The concept of Global VPCs in GCP
This articles discusses the global nature of VPCs in GCP and how it differs with other cloud service providers.
If you are from a traditional data center background, the concept of Virtual Private Clouds and their Global nature in GCP can be quite confusing. This is complicated by the fact that many other cloud service providers didn't have the concept of Global VPCs until recently (some don't have this concept even today).
In a nutshell, imagine you have a vast network with points of presence (POPs) across different regions in the world, all interconnected with one another. You just have subnets within these regions and the entire network is flat. Your resources in one region can reach resources in the opposite side of the world without any special configuration or devices required. That's exactly how GCP's VPCs operate.

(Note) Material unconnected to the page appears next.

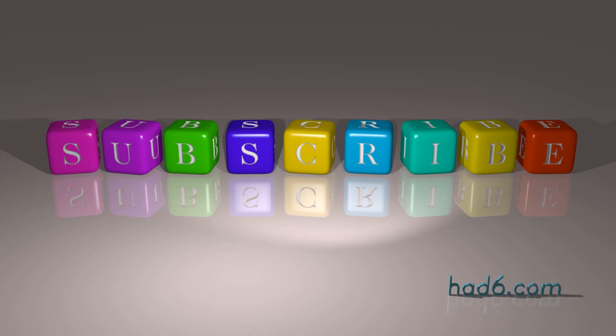Can you think of other examples? Please share them in the comment section below. See you in the next video.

You can have subnets in as many GCP regions as you like and as long as they are in the same VPC, they are all connected and resources within them can talk to one another. In a more traditional world, if you have subnets in various geographic regions, you need some way to connect them. This could be through direct point-to-point links using dark fiber or MPLS or maybe even VPNs. In the GCP world, this backbone connectivity is provided by the platform itself. The packets from a subnet in one region get to the subnet in another region by riding Google's dense web of underground, terrestrial and sub-sea cables.
The beauty of this solution is that it removes operational complexity of trying to get resources in one region talk to resources in other regions. It just happens auto-magically. You no longer need VPN tunnels between regions to achieve this. This also means the bottlenecks introduced by VPN tunnels is also no longer a concern and this global VPC construct has virtually no limits on performance and offers the best latency between regions. Isn't that cool?